I have an Eheim Pro 3e 600T, which also has an advertised rate of 1850 LPH. What they don't tell you until it arrives and you read the instruction book is that the pump rate and the actual max flow deliverable are two totally different things. My 600T has variable flow rates, but the absolute maximum that you can set it to is 1100 LPH. I spent over £500 on a filter to use on a TMC Signature 60x45x45, it just has pan scrubbers in the bottom tray and some alfagrog in the second, top two are empty, there is an UP inline atomiser and double tap set on the return pipe which is as short as it can be and it goes to an eheim spray bar. I can only get the jets to go about 3/4 of the way across a 45 cm tank with it set to maximum flow. It's pretty disappointing, I spent the extra money on the filter to try and avoid adding powerheads and such like in the aquarium, I'm now looking at ways to improve flow by adding powerheads and a skimmer. If you take a look at your instruction booklet, you will see there is a table which lists the maximum, minimum and default factory set flow rates. My default rate was only 700 LPH, the filter can then detect when it gets dirty and increase the rate, but I just boosted mine to max straight away. I should have listened to Ceg, its a pump in a bucket, bought a cheaper one and stuck a powerhead in the tank which I am now going to do anyway, could have saved myself £200-300 probably!


----------



## Aeropars (7 Jul 2015)

Yes, I agree. I bought it years ago and certainly wouldn't bother with one that expensive again. But hey-ho... live and learn!

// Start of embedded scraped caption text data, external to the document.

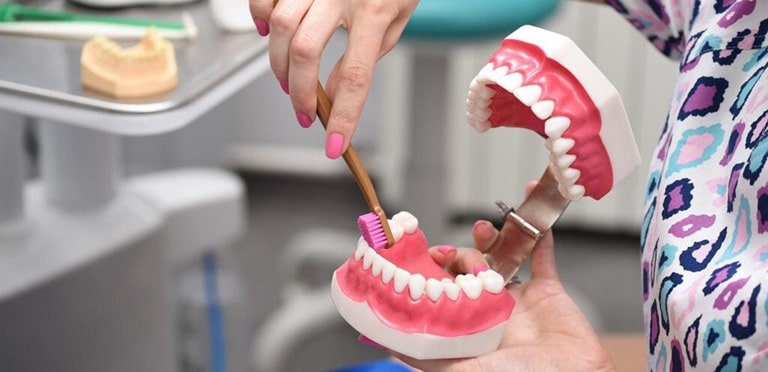 Причины поломки зубного протеза
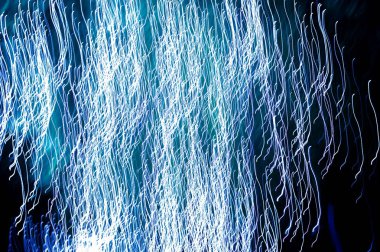 Ağaç aydınlatma, bulanıklık ve bokeh.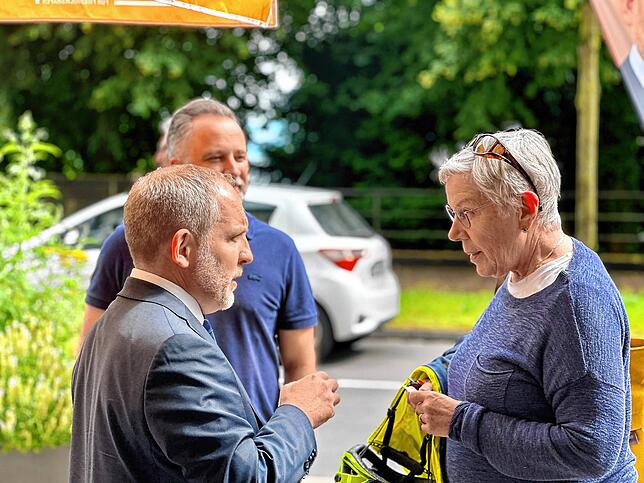 Vor der Veranstaltung begrüßte Simon Blümcke jeden Gast.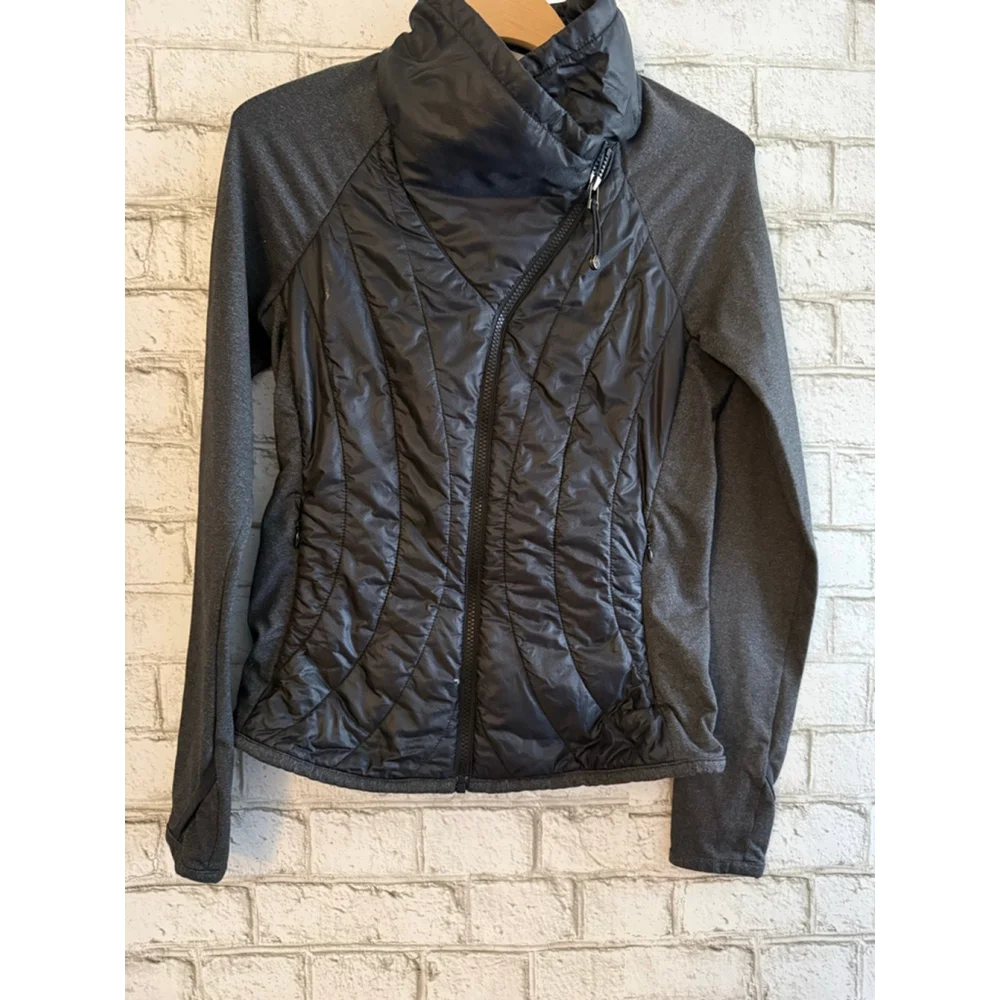 Athleta #b8 primaloft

Now to make the damn tank work....


----------



## Wisey (7 Jul 2015)

Good luck getting it sorted out. I'm just over a week in to my first planted tank and having battles with CO2 and distribution. Frustrating to see your plants melt  Let's hope we both get this CO2 distribution nailed down soon.


----------



## ian_m (7 Jul 2015)

You need flow something like this, with the flow hitting the front of the tank. This a Juwel 180 and JBLe1501 with extended spray bar and noodles and balls in all the baskets.


----------



## Aeropars (7 Jul 2015)

Thanks for that Ian. I see that the pressure coming out of the spray bar is quite feirce and is hitting the front of the tank. If I drop my water level, I'm pretty sure that the spray won't get that far, especially with extending it.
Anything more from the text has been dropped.